> _What to work on_: Your answer must be the exact lines below, starting with the line with "Torrid Cream Lace Shacket - Picture 2 of 3" and going on through the line with "Custom Lithuania Basketball", both included, with no pictures.

> _Data to use_:
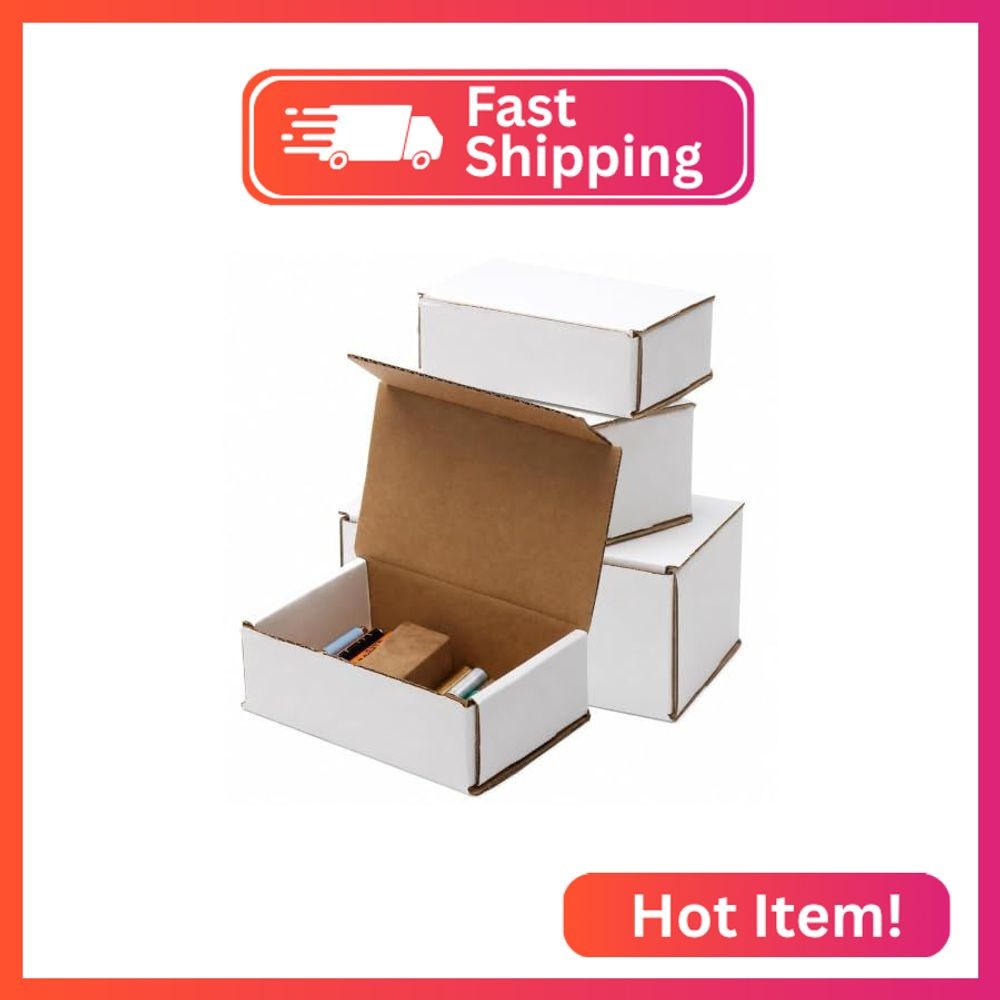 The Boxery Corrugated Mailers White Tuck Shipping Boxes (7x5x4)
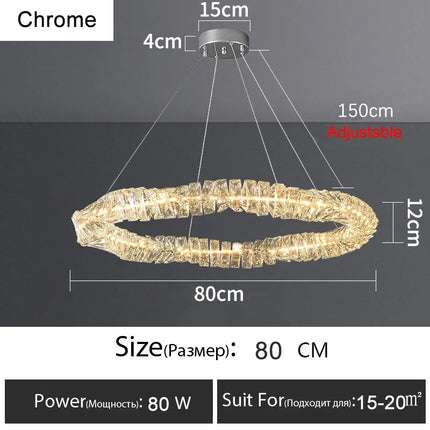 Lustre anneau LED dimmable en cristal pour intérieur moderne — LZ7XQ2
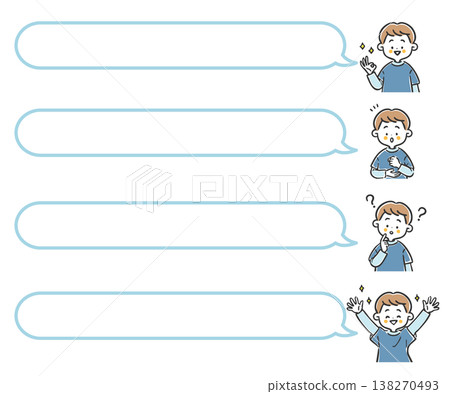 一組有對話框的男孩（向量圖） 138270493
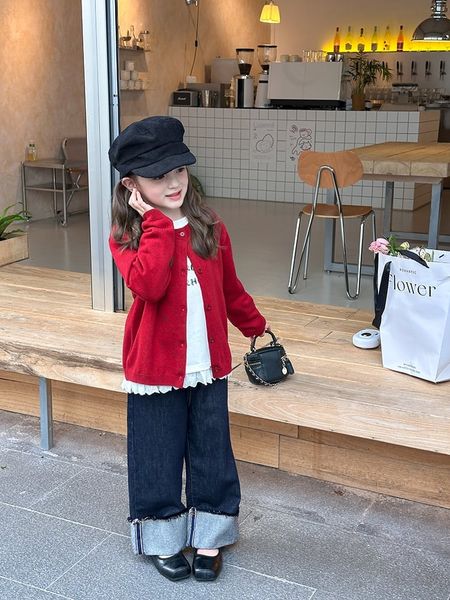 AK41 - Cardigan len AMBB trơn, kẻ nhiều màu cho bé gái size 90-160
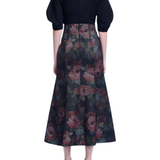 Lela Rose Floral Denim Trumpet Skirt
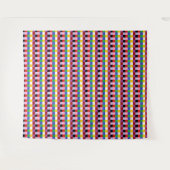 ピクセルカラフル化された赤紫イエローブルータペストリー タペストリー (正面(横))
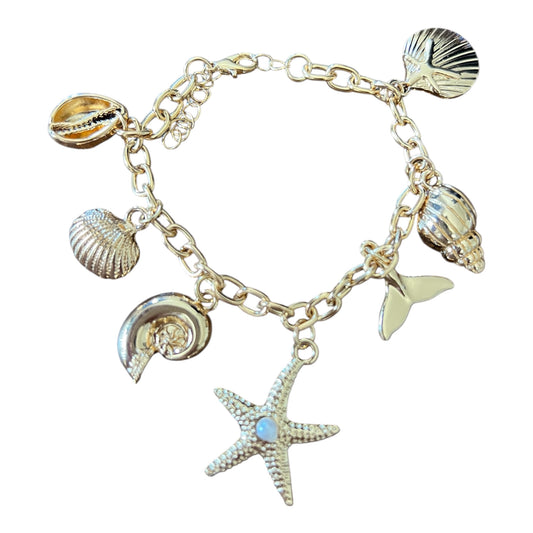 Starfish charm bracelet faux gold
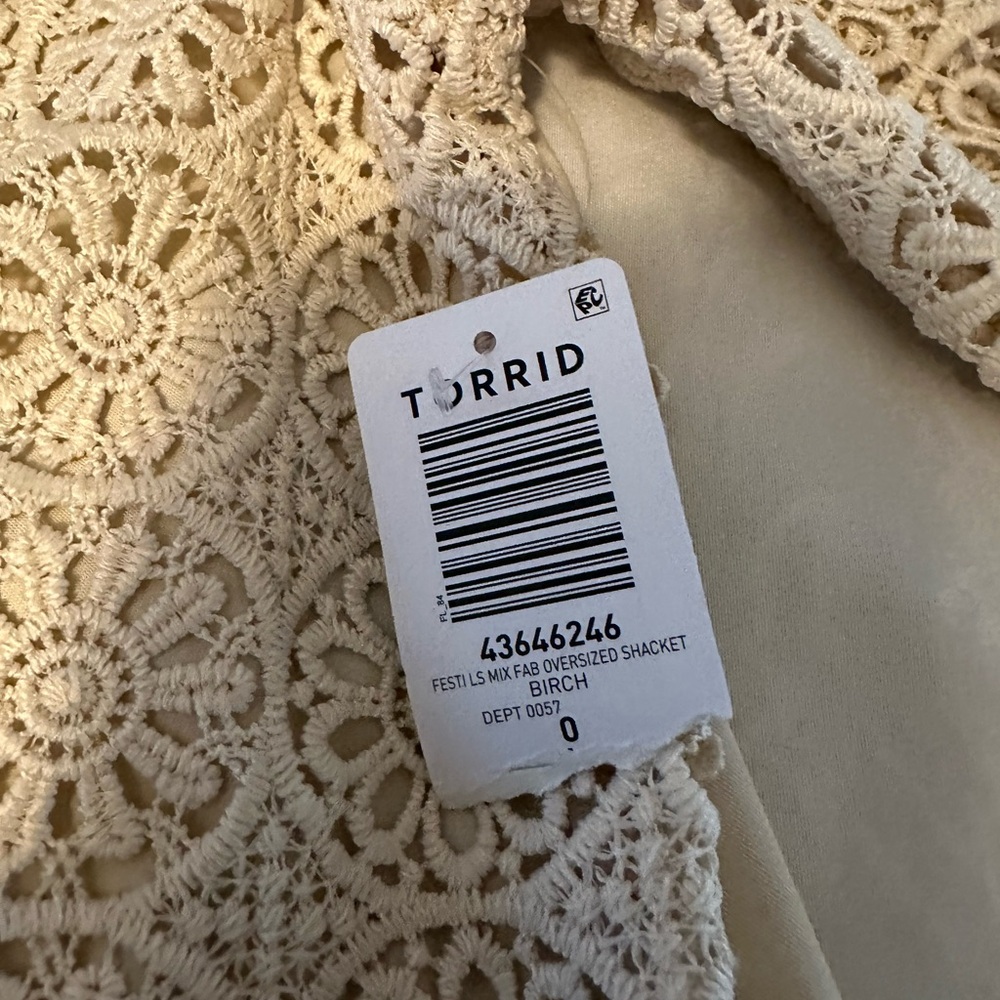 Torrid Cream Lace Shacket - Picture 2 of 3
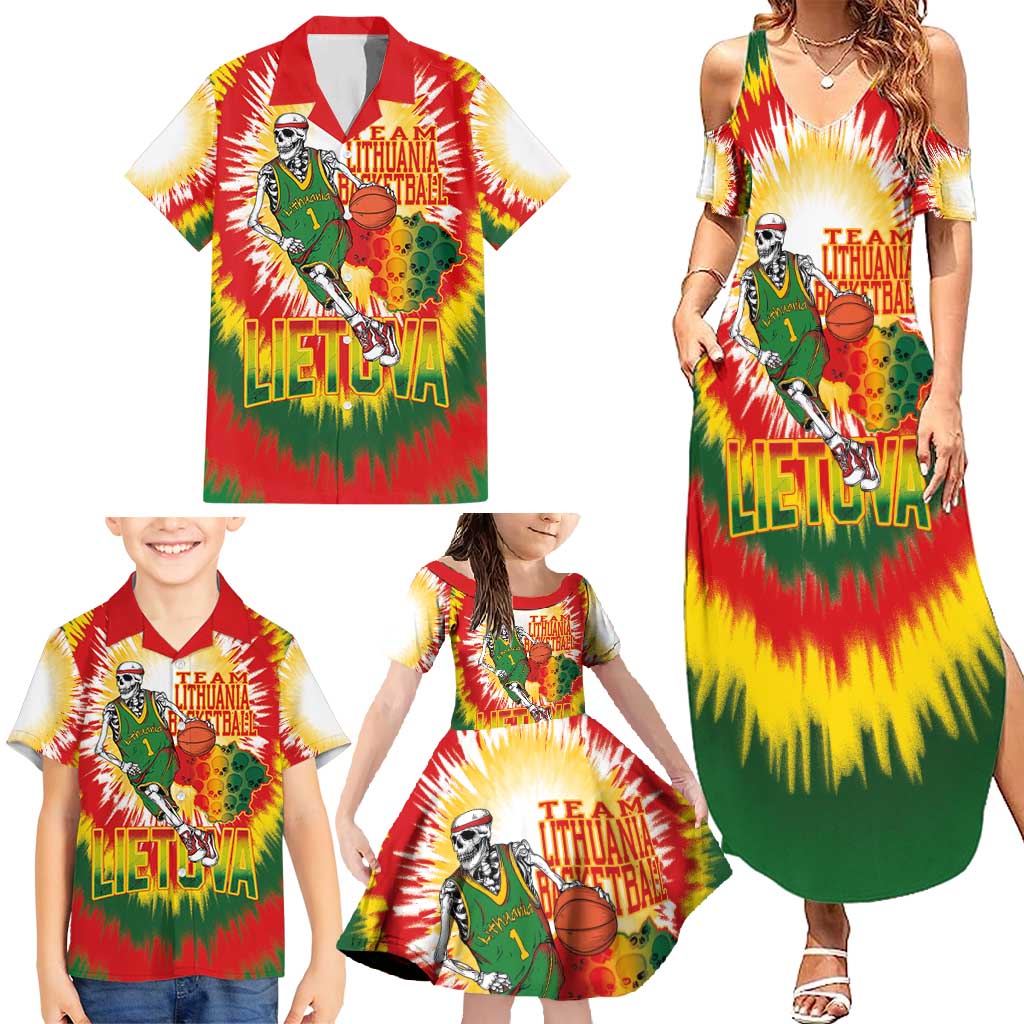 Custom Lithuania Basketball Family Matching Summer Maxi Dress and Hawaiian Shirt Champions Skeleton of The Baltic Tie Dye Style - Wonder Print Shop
---
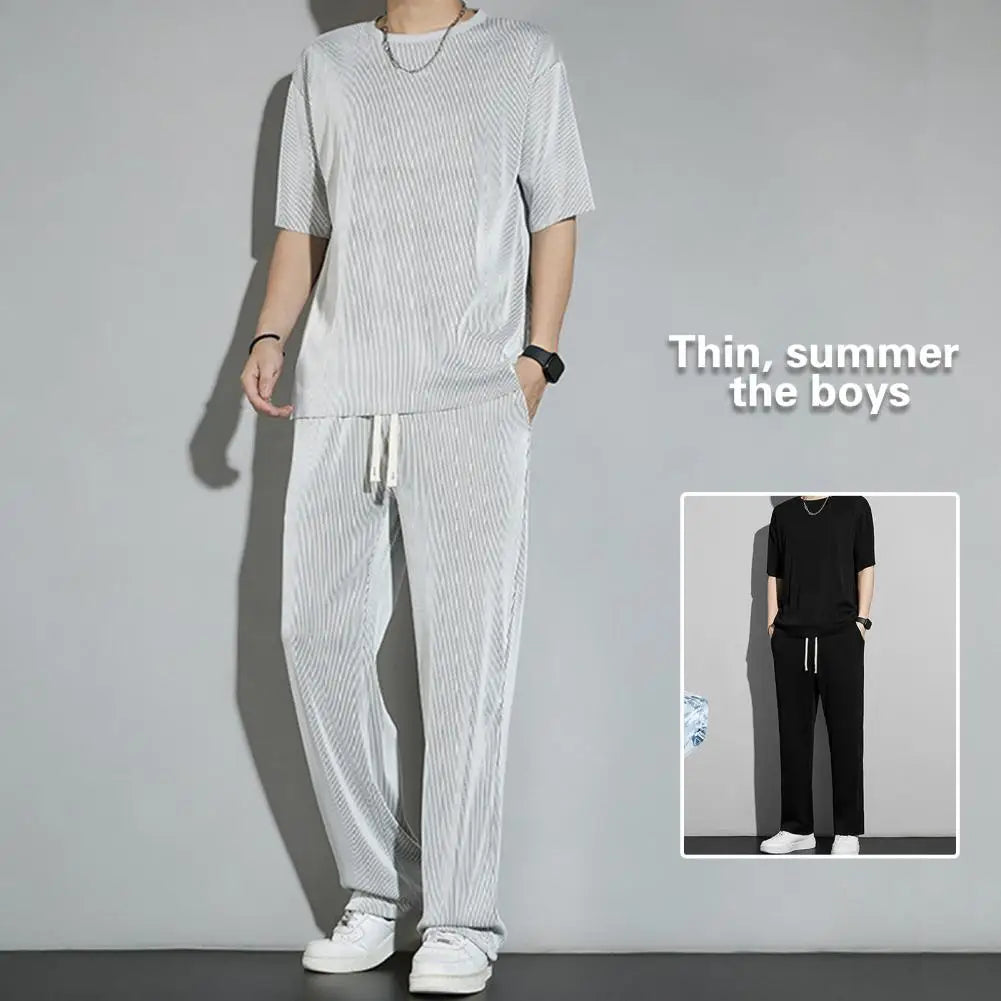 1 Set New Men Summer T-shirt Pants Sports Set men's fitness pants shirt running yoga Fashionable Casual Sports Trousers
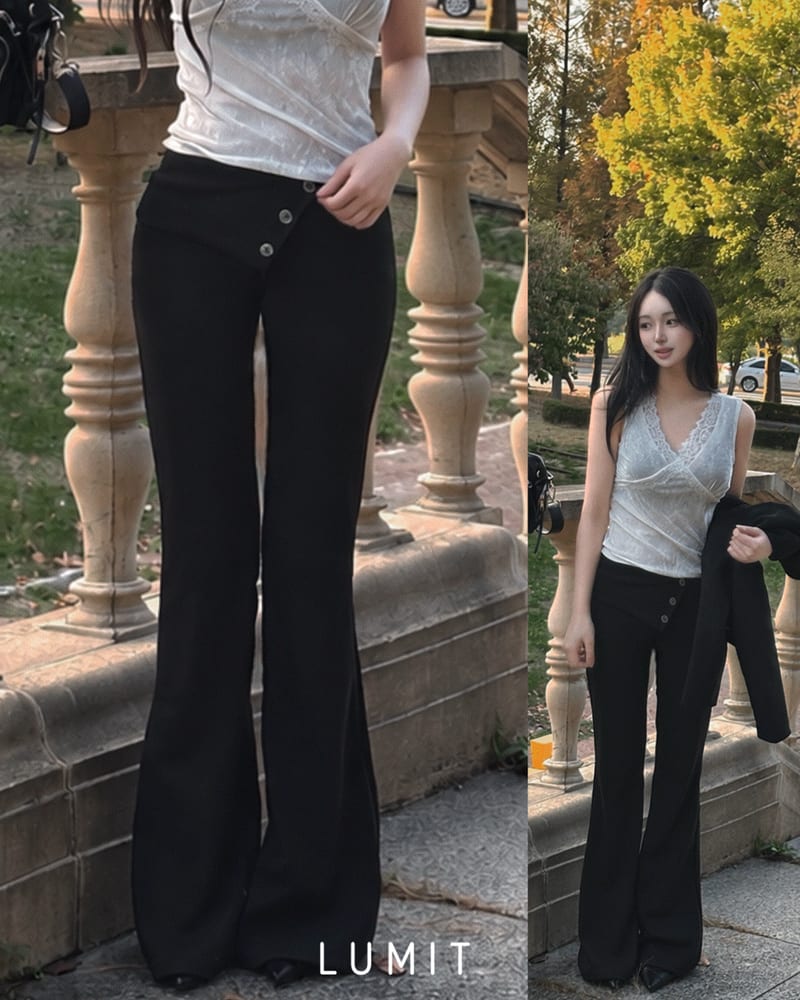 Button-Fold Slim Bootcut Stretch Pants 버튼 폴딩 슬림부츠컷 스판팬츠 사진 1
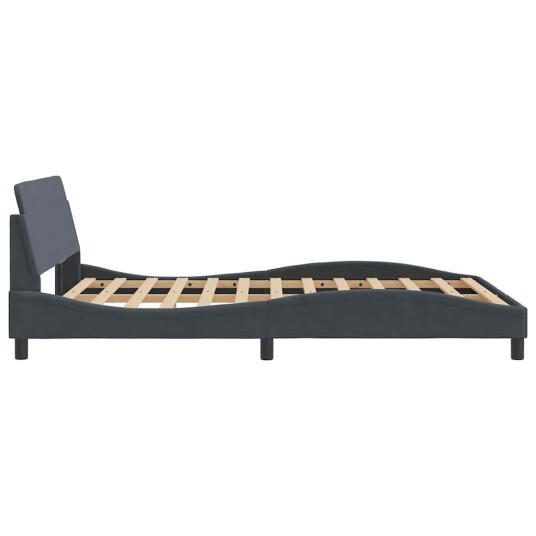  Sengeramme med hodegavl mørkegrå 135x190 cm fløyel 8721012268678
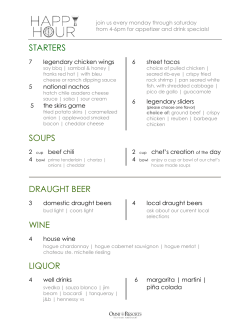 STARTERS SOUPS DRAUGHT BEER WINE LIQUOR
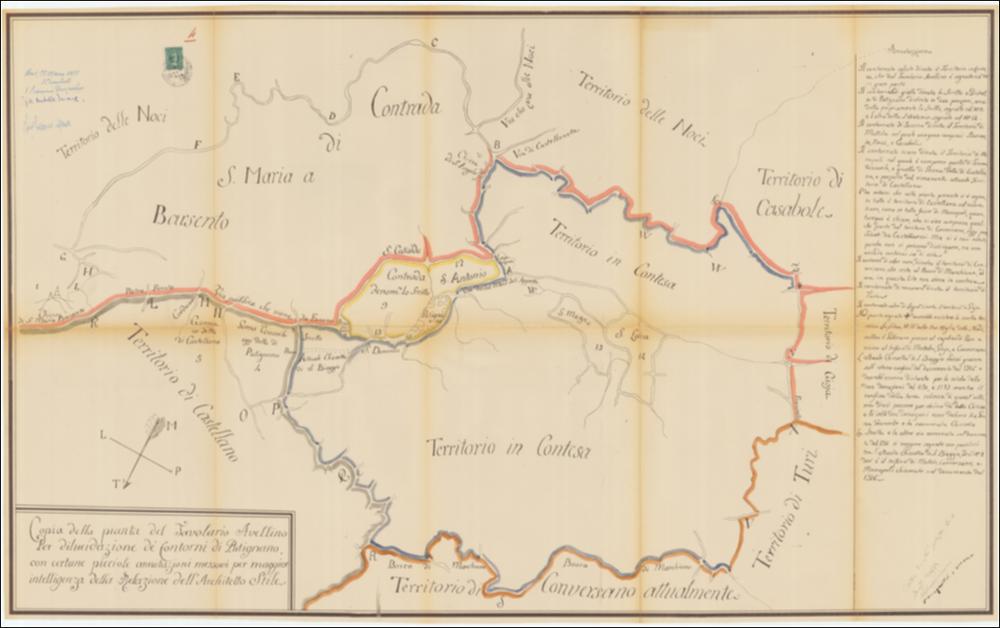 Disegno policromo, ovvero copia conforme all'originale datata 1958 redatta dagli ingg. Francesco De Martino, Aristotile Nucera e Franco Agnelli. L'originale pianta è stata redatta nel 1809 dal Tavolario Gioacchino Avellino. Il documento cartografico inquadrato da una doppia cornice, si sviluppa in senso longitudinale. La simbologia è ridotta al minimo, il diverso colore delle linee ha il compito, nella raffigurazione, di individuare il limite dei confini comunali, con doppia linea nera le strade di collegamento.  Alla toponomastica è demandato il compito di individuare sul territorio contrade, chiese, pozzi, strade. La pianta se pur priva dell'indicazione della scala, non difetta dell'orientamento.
==
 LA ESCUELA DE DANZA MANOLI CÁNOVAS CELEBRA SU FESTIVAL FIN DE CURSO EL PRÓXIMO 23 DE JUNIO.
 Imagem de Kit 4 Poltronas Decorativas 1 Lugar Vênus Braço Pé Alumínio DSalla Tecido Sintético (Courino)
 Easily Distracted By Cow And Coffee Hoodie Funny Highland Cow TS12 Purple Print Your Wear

> _Solved problem_:
 Torrid Cream Lace Shacket - Picture 2 of 3
 Custom Lithuania Basketball Family Matching Summer Maxi Dress and Hawaiian Shirt Champions Skeleton of The Baltic Tie Dye Style - Wonder Print Shop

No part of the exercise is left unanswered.